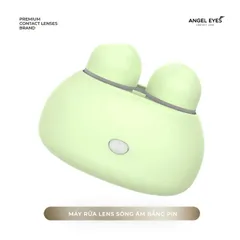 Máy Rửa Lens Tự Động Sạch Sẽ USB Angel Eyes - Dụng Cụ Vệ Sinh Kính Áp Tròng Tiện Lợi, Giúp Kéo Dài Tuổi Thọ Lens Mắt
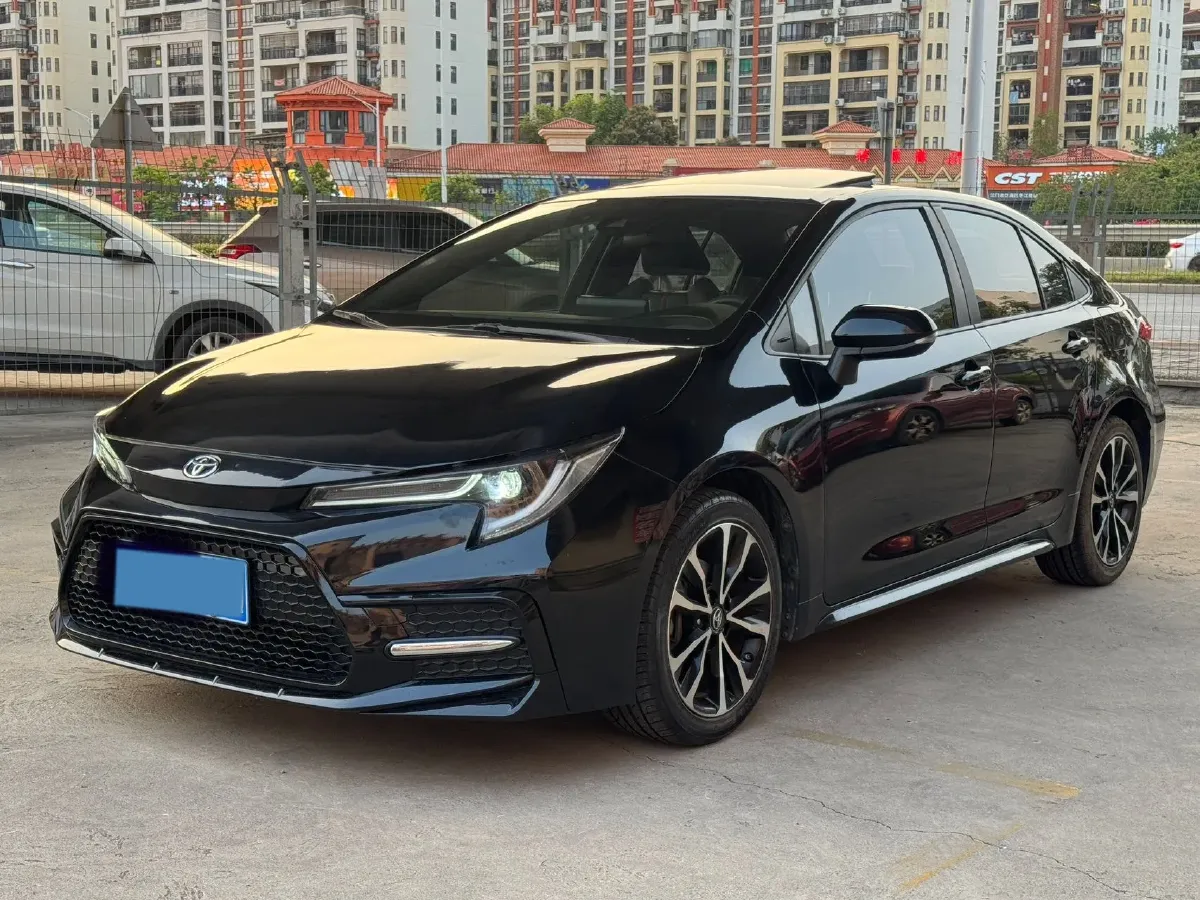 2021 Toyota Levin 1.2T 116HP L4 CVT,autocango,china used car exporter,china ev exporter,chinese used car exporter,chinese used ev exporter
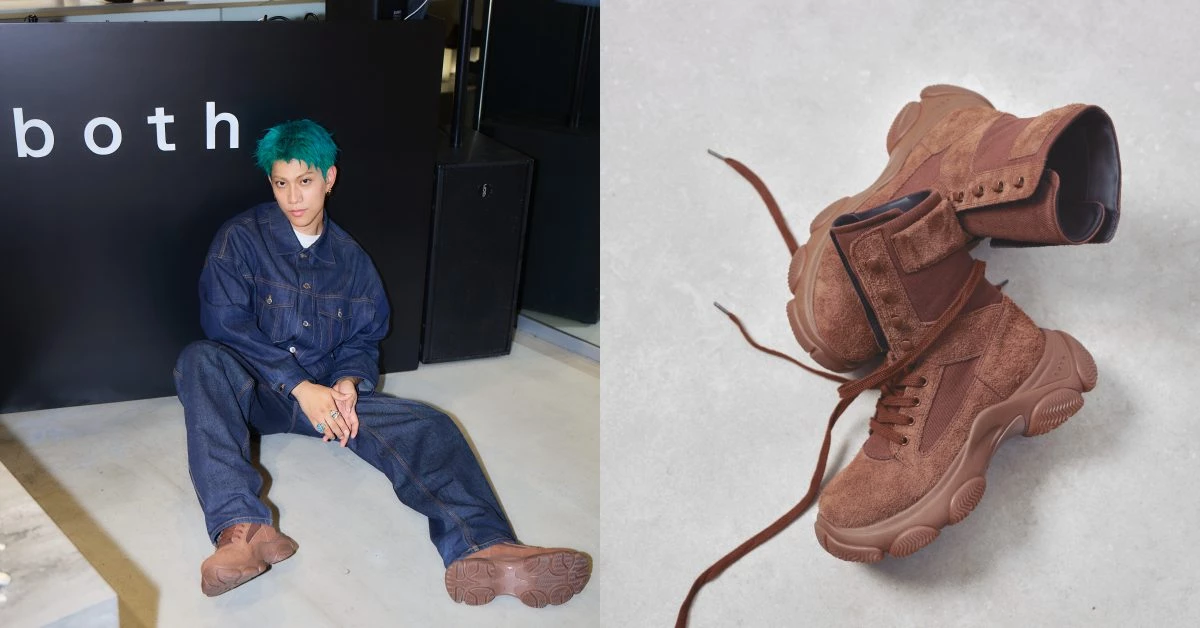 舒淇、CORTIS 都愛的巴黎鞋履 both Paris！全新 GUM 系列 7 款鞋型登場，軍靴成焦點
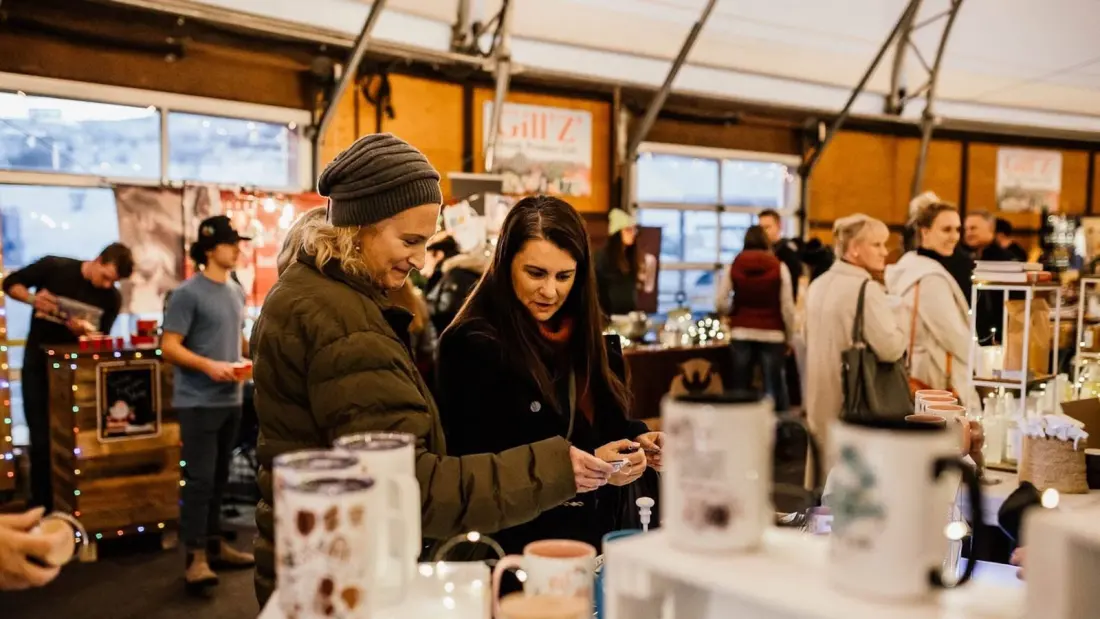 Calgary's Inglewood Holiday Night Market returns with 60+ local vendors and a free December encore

________________________________________

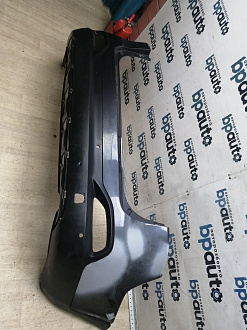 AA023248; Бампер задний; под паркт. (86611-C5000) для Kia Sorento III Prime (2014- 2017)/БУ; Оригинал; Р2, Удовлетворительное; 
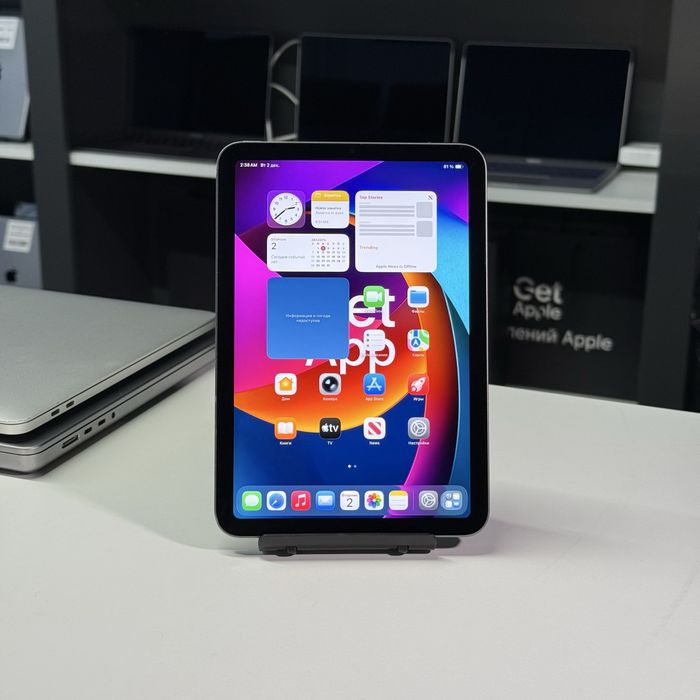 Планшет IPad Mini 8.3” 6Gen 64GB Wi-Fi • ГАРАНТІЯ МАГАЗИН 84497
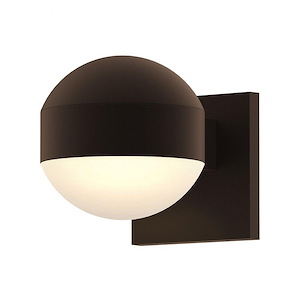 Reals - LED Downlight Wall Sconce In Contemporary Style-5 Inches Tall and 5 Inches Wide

________________________________________

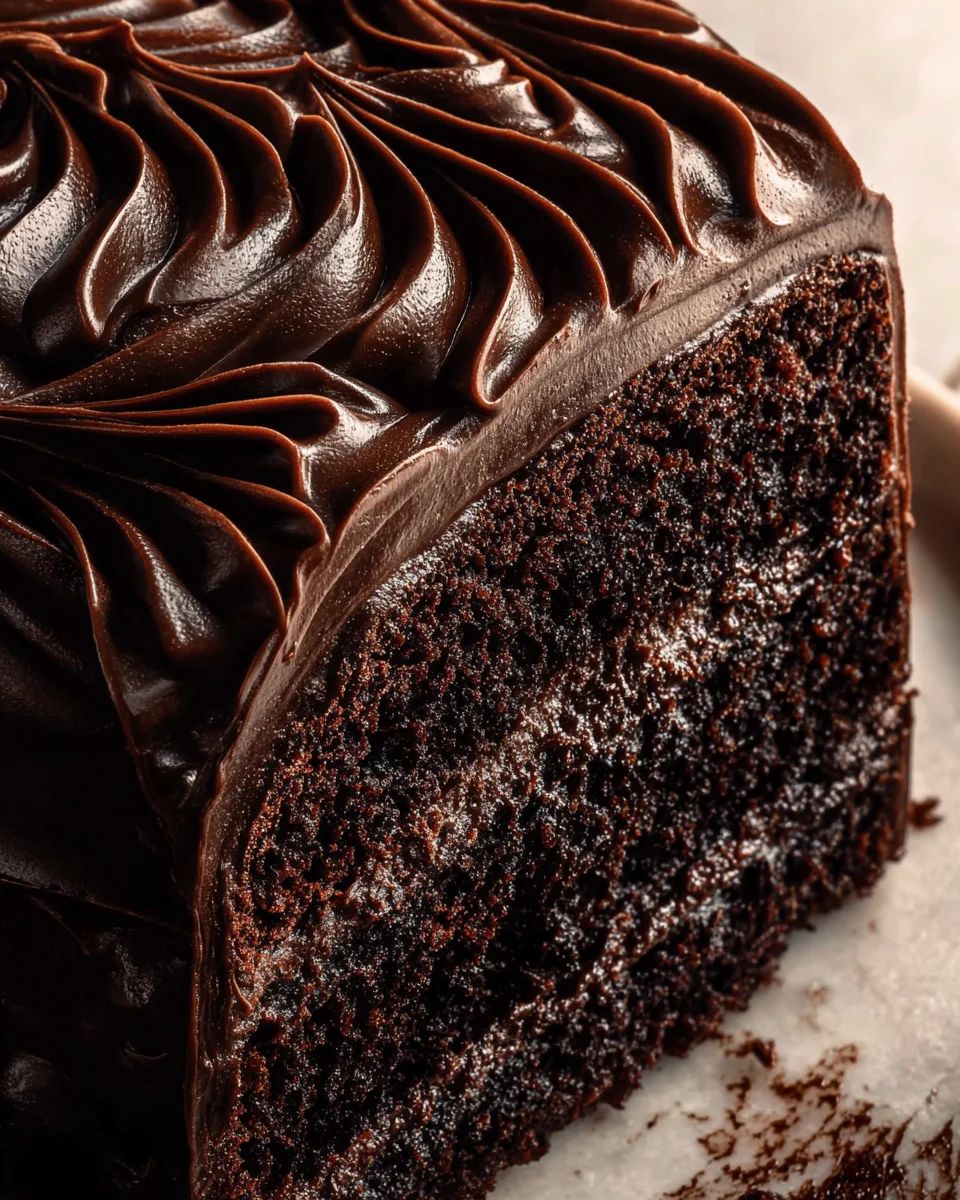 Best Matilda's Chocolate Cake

________________________________________

> What needs to be done
Using the entries above, repeat exactly the lines from the one with "AA023248; Бампер задний;" to the one with "Reals - LED", both included, and leave the pictures behind.

> Written answer
 AA023248; Бампер задний; под паркт. (86611-C5000) для Kia Sorento III Prime (2014- 2017)/БУ; Оригинал; Р2, Удовлетворительное; 
 Планшет IPad Mini 8.3” 6Gen 64GB Wi-Fi • ГАРАНТІЯ МАГАЗИН 84497
 Reals - LED Downlight Wall Sconce In Contemporary Style-5 Inches Tall and 5 Inches Wide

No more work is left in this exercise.